# DATA LISTING
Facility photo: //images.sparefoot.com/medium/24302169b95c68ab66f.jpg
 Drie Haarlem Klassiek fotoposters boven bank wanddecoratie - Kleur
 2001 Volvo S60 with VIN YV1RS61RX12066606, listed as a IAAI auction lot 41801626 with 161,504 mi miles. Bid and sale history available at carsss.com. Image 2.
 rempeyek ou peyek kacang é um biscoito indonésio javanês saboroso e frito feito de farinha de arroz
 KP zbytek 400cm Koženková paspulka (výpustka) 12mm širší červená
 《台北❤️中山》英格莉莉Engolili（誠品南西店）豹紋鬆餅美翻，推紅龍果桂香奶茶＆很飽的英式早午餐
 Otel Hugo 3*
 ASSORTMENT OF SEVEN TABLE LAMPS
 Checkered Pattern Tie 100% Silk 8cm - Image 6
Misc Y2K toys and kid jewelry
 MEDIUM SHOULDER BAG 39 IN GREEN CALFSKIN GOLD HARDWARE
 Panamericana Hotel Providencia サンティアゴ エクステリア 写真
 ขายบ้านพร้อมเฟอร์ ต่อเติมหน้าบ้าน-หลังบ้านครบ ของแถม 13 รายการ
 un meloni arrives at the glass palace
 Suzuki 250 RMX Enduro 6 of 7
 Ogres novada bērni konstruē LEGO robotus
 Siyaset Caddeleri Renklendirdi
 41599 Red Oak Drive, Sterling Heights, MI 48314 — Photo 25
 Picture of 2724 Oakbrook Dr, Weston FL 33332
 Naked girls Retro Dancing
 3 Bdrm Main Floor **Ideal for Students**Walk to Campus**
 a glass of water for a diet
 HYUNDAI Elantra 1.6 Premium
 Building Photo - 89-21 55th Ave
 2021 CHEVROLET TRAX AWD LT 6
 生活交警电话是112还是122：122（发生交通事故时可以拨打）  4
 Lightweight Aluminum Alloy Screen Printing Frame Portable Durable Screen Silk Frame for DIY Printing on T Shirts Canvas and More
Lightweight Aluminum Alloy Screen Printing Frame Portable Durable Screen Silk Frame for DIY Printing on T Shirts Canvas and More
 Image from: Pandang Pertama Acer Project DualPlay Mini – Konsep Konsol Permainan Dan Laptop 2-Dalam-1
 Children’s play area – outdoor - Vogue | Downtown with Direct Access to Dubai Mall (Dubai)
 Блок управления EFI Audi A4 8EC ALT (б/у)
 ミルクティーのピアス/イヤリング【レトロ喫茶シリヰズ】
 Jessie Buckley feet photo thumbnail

# WHAT THE EXERCISE ASKS
Word for word, restate all of the data shown above.

# REPLY
Facility photo: //images.sparefoot.com/medium/24302169b95c68ab66f.jpg
 Drie Haarlem Klassiek fotoposters boven bank wanddecoratie - Kleur
 2001 Volvo S60 with VIN YV1RS61RX12066606, listed as a IAAI auction lot 41801626 with 161,504 mi miles. Bid and sale history available at carsss.com. Image 2.
 rempeyek ou peyek kacang é um biscoito indonésio javanês saboroso e frito feito de farinha de arroz
 KP zbytek 400cm Koženková paspulka (výpustka) 12mm širší červená
 《台北❤️中山》英格莉莉Engolili（誠品南西店）豹紋鬆餅美翻，推紅龍果桂香奶茶＆很飽的英式早午餐
 Otel Hugo 3*
 ASSORTMENT OF SEVEN TABLE LAMPS
 Checkered Pattern Tie 100% Silk 8cm - Image 6
Misc Y2K toys and kid jewelry
 MEDIUM SHOULDER BAG 39 IN GREEN CALFSKIN GOLD HARDWARE
 Panamericana Hotel Providencia サンティアゴ エクステリア 写真
 ขายบ้านพร้อมเฟอร์ ต่อเติมหน้าบ้าน-หลังบ้านครบ ของแถม 13 รายการ
 un meloni arrives at the glass palace
 Suzuki 250 RMX Enduro 6 of 7
 Ogres novada bērni konstruē LEGO robotus
 Siyaset Caddeleri Renklendirdi
 41599 Red Oak Drive, Sterling Heights, MI 48314 — Photo 25
 Picture of 2724 Oakbrook Dr, Weston FL 33332
 Naked girls Retro Dancing
 3 Bdrm Main Floor **Ideal for Students**Walk to Campus**
 a glass of water for a diet
 HYUNDAI Elantra 1.6 Premium
 Building Photo - 89-21 55th Ave
 2021 CHEVROLET TRAX AWD LT 6
 生活交警电话是112还是122：122（发生交通事故时可以拨打）  4
 Lightweight Aluminum Alloy Screen Printing Frame Portable Durable Screen Silk Frame for DIY Printing on T Shirts Canvas and More
Lightweight Aluminum Alloy Screen Printing Frame Portable Durable Screen Silk Frame for DIY Printing on T Shirts Canvas and More
 Image from: Pandang Pertama Acer Project DualPlay Mini – Konsep Konsol Permainan Dan Laptop 2-Dalam-1
 Children’s play area – outdoor - Vogue | Downtown with Direct Access to Dubai Mall (Dubai)
 Блок управления EFI Audi A4 8EC ALT (б/у)
 ミルクティーのピアス/イヤリング【レトロ喫茶シリヰズ】
 Jessie Buckley feet photo thumbnail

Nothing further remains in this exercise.